* **Your goal**:
Print exactly and only the lines that run from the one containing "Nissan Murano С" through the end of the material, please, omitting pictures.

* **Provided material**:
[Start of Attachment]

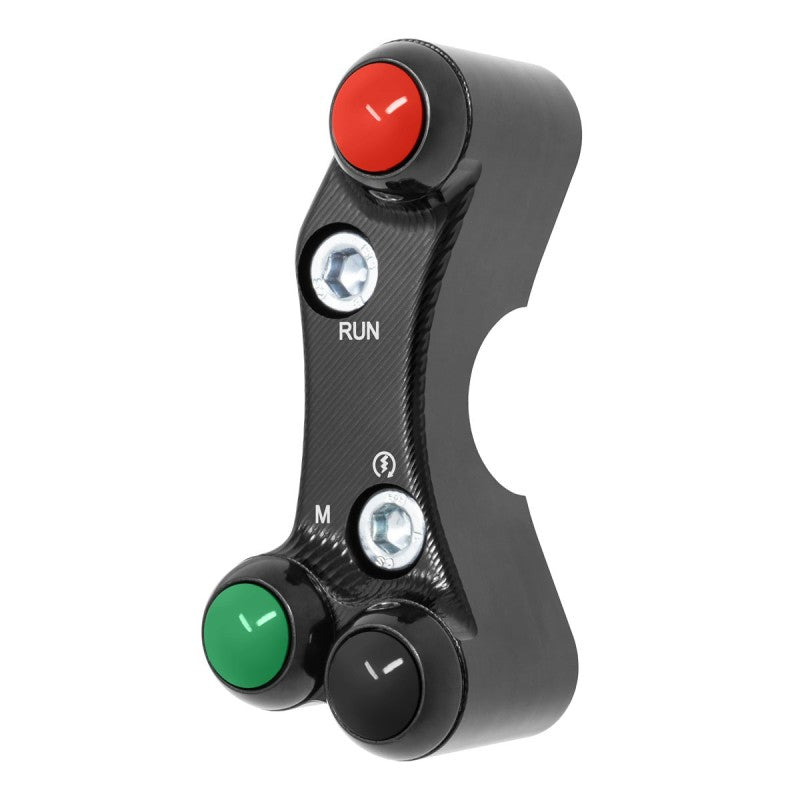 PULSANTIERA DESTRA JETPRIME X POMPA BREMBO BMW S 1000 XR 2014-24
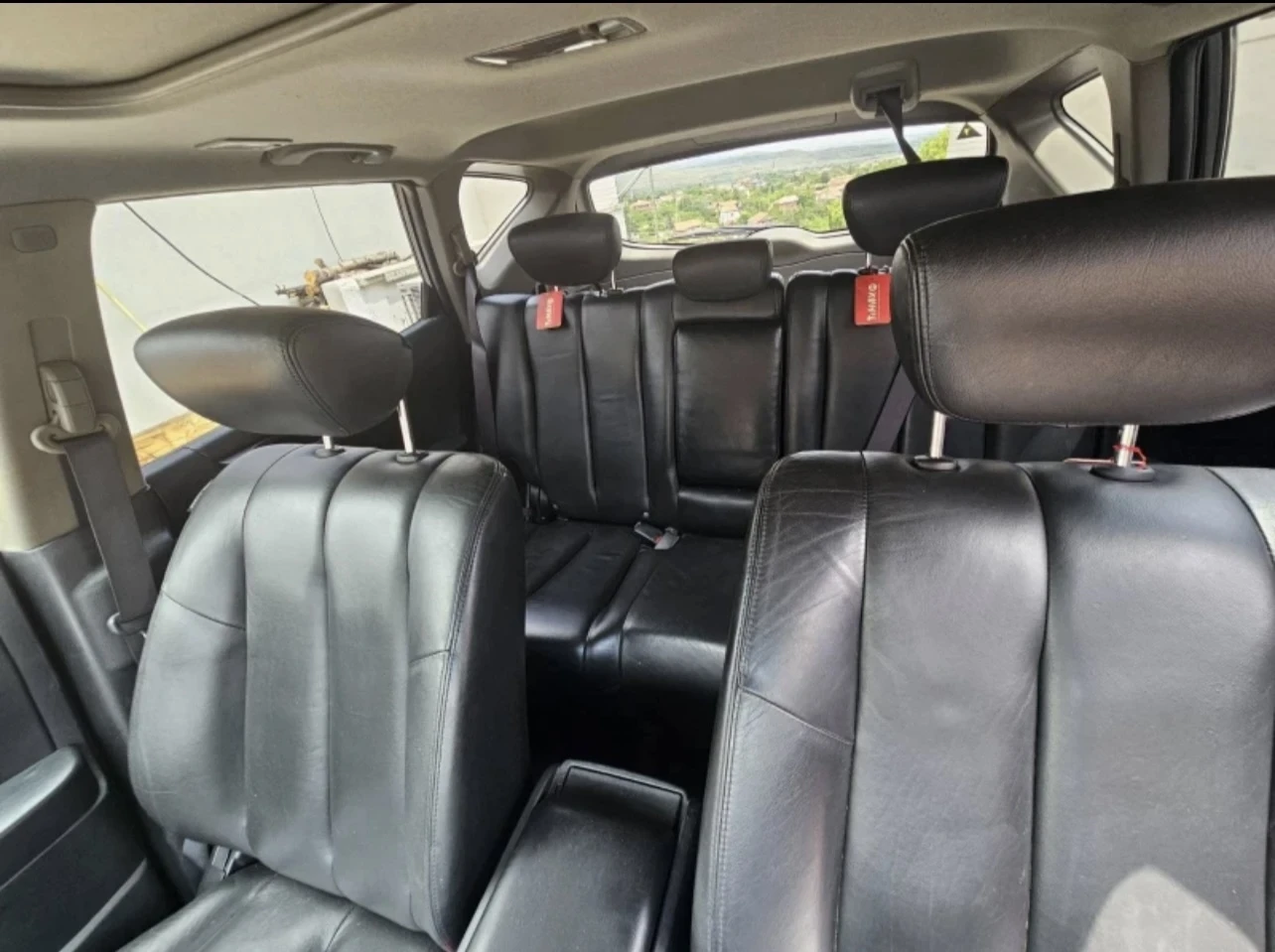 Nissan Murano С ПРОБЛЕМ В МОТОРА, снимка 9 - Автомобили и джипове - 54865669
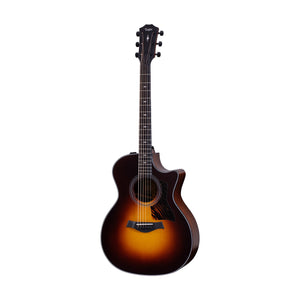Taylor Special Edition 314ce Sapele/Spruce Acoustic-Electric Guitar, Vintage Sunburst Top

[End of Attachment]

* **Expected output**:
 Nissan Murano С ПРОБЛЕМ В МОТОРА, снимка 9 - Автомобили и джипове - 54865669
Taylor Special Edition 314ce Sapele/Spruce Acoustic-Electric Guitar, Vintage Sunburst Top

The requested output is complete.